House Republicans have joined a watchdog complaint against the acting director of the Bureau of Land Management, questioning whether the former environmental activist has improperly given favor to her former employees.

Following a Monday complaint by Protect the Public's Trust regarding acting director Nada Culver's implementation of her former employer's policy agenda, Reps. Bruce Westerman (R., Ark.) and Paul Gosar (R., Ariz.) wrote to the Department of the Interior's ethics office requesting further information about any conflicts of interest.

"Ms. Culver's known positions on the issues she is now tasked with deliberating raises serious doubts about her impartiality during the decision-making process," the Republican congressmen, both on the House Committee on Natural Resources, wrote in a letter. The initial complaint alleges that Culver did the bidding of the National Audubon Society, a radical environmentalist special interest group, by taking lead on the Biden administration's ban on drilling in Alaska.

The letter comes as President Joe Biden's nominee to permanently helm the Bureau of Land Management, Tracy Stone-Manning, comes under fire for collaborating with eco-terrorists who spent years in prison over "tree-spiking," a dangerous tactic used by environmentalists to stop deforestation.
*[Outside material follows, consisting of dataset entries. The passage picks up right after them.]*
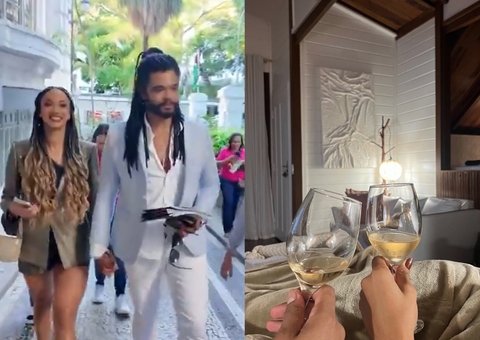 Ex-BBBs Aline Patriarca e Diogo Almeida surgem de mãos dadas e curtem viagem juntos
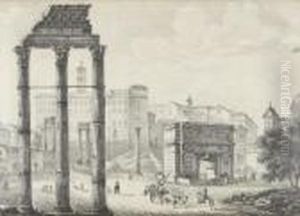 Vue Du Forum A Rome, Avec Les Vestiges Du Temple Des Dioscures Au Premier Plan by Michelangelo Pacetti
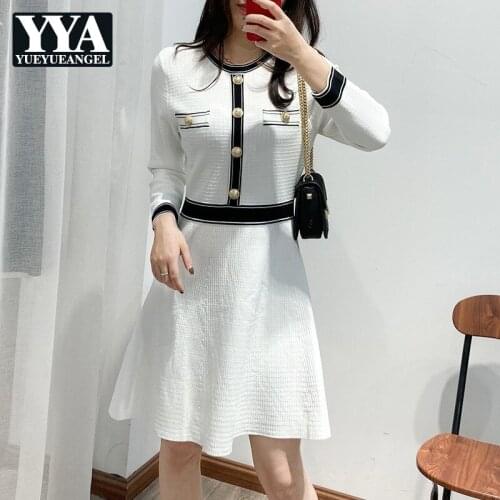 Autumn 2021 New Womens France Style Elegant Casual Long Sleeve Dress Vintage Office Lady Concise O-Neck Spliced Fashion Dress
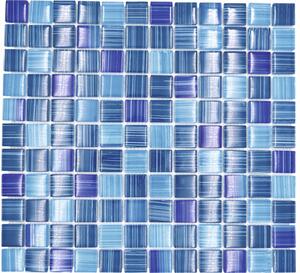 Mozaic piscină sticlă XCM 8285 albastru/alb 30,2x32,7 cm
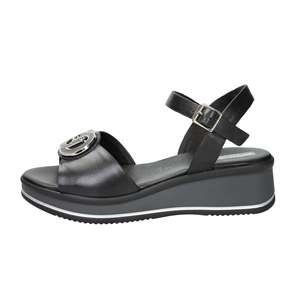 Sandalo con Zeppa Space Moda da Donna Nero 12294 Stile Platform - Product Image 1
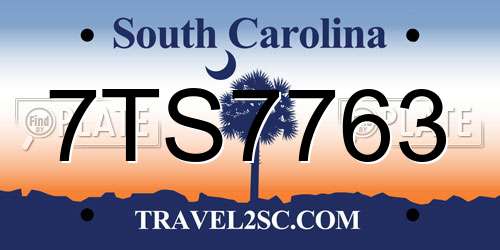 7TS7763 South Carolina License Plate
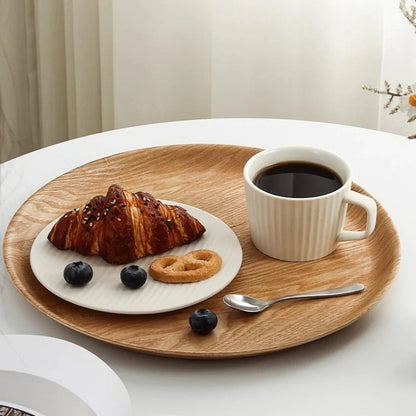 Handcrafted Round Solid Wood Dining Plate - Water Chestnut Wood Serving Tray for Breakfast, Coffee & Desserts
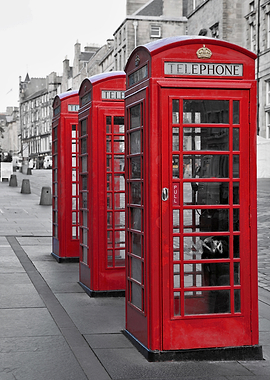 Red Telephone Booths in Black and White
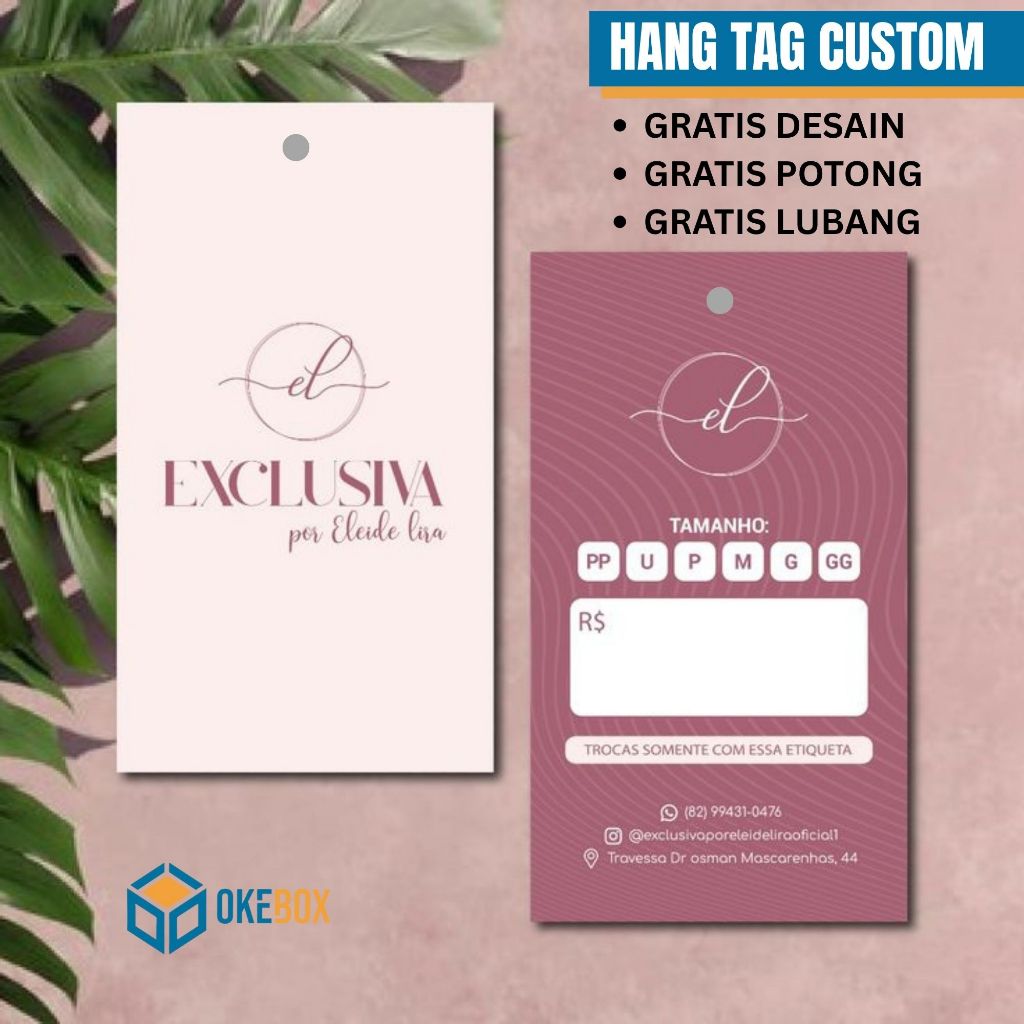

Hangtag tang handtag hantag label baju custom nama harga jualan jilbab hijab (3x5cm) okebox HT7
Culver will remain the agency's acting director until the Senate confirms her replacement.

Westerman told the Washington Free Beacon that his committee is taking oversight of new Biden administration officials seriously, and Culver's favoritism toward her former employer is "deeply concerning."

"Culver's various conflicts of interest—particularly when it comes to her involvement in Public Land Orders and previous non-government employment—are deeply concerning," Westerman said.

Protect the Public's Trust, the watchdog group, said the congressional letter raised new conflicts it wasn't aware of regarding her decades of lobbying the agency she now runs. While working at the Wilderness Society as an attorney, she created the "BLM Action Center," which worked to push the bureau toward conservation goals by "engaging in the agency's decision making process." The Wilderness Society filed several lawsuits against the Trump administration's Bureau of Land Management while she was with the group.

Michael Chamberlain, the watchdog group's executive director, told the Free Beacon the letter adds to its existing concerns.

"Combining the information revealed by the members of the committee with what Protect the Public's Trust was able to uncover, the American public would rightfully have very serious concerns about Ms. Culver's ability to act impartially," Chamberlain said.

Chamberlain said the Biden administration is falling short on ethics issues, especially after lofty promises.

"The Biden administration promised to be the most ethically vigorous administration in history," Chamberlain said. "If high-level officials are being allowed to do their former employers' bidding, the American public is right to be skeptical of that promise and to question what purpose the Biden Ethics Pledge serves."

The Bureau of Land Management did not respond to requests for comment on the complaint.